There are many reasons that we can start to lose our hair which is why it is important to involve a board-certified dermatologist early in your journey to treat hair loss. Some of the main causes of hair loss are:
Diet and hair loss are frequently linked due to factors such as poor nutrition and underlying deficiencies and disease having an effect on hair structure and hair growth. Vitamin D deficiency, iron deficiency, anemia, and thyroid disease are some of the conditions frequently associated with hair thinning or loss but there are many others too – so make sure you’re consuming the right vitamins for healthy hair.
When our body experiences an extreme event such as following a surgery, death of a loved one, child birth, viral infection, or as even as a result of the ongoing global pandemic itself, stress-related hair loss can occur. This can result in experiencing a disruption in the hair growth cycle with a large shift in our hairs from the growing phase to the shedding phase months later.
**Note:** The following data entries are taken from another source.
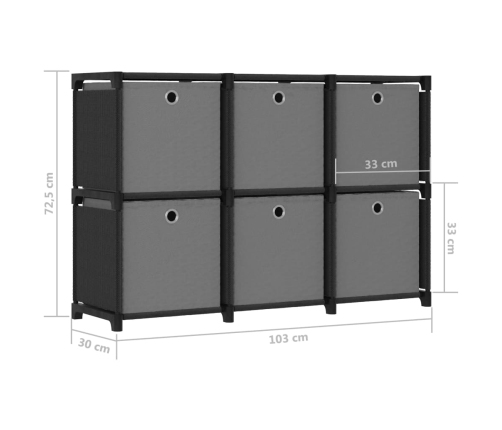 vidaXL Estantería de 6 cubos con cajas de tela negro 103x30x72,5 cm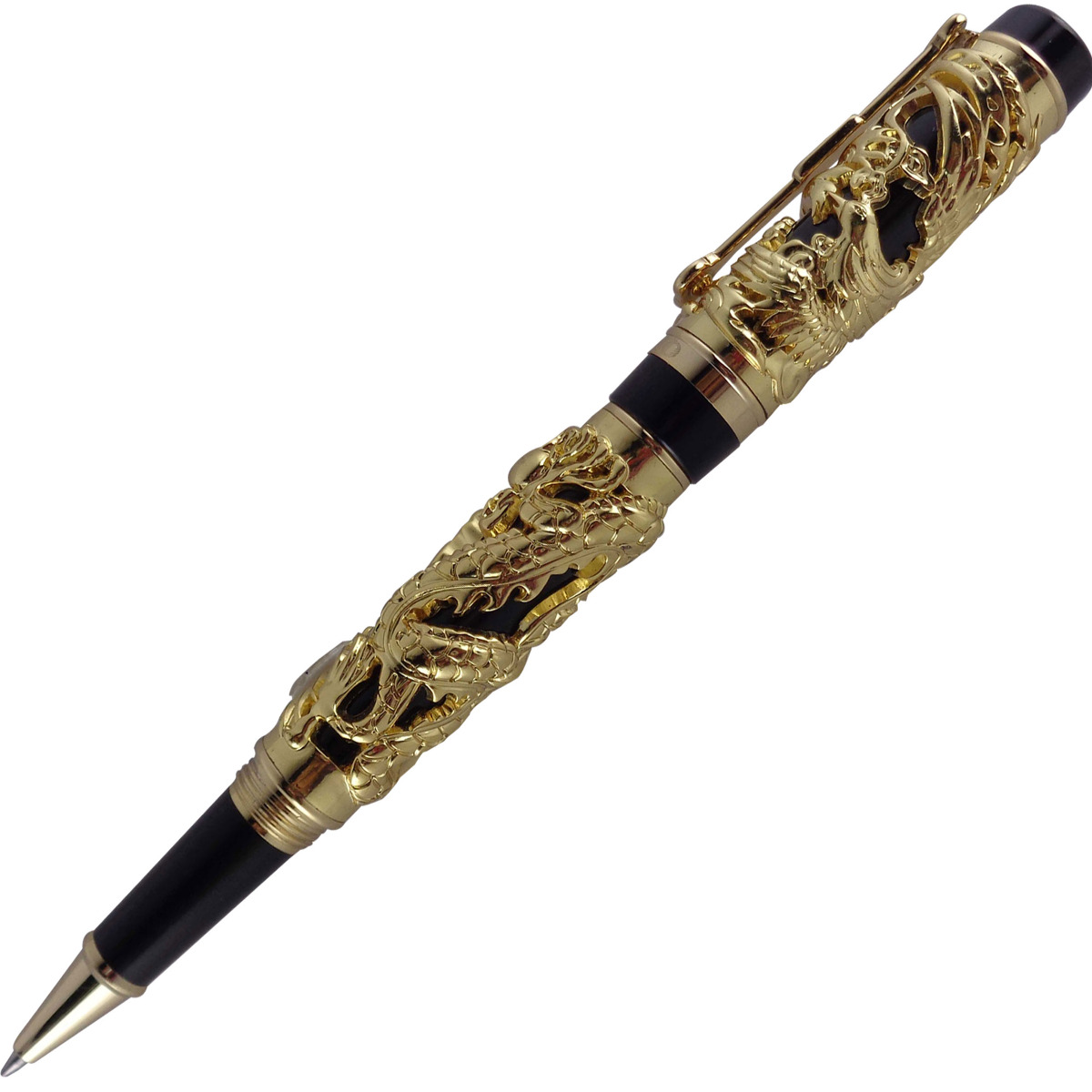 jinhao Model: 13824 Luxury gold color dragon phoenix pattern with 0.7mm tip cap type roller ball
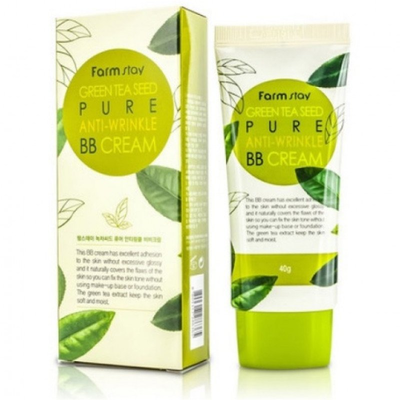 Крем ББ антивозрастной FarmStay GREEN TEA SEED PURE ANTI-WRINKLE BB CREAM акварель daniel smith в тубе 15 мл зеленый апатит green apatite genuine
This is referred to as condition called telogen effluvium.
Family history of hair loss, also referred to as hereditary hair loss, is an important risk factor for female and male pattern baldness (also known as Androgenetic Alopecia) which occurs when our hair follicles are genetically more sensitive to hormone shifts.
Over processing and factors related to styling like heat, chemical straightening, hair dyes, tight hair styles, or other harsh hair processing can weaken the hair and contribute to hair breakage, thinning and loss.
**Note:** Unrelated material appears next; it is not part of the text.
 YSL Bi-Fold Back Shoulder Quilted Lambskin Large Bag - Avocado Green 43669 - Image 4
Autoimmune conditions such as Alopecia Areata can lead to smooth patches of hair loss and conditions like Lupus can lead to scarred patches of hair loss on the scalp. These conditions have important medical underpinnings and treatments that should be discussed with your dermatologist.
Some medications can increase the risk that the hair will become thinner or shed more easily. It is important to make sure to discuss any concerns you have about the medications you are taking with your doctors. Never change or discontinue medications on your own.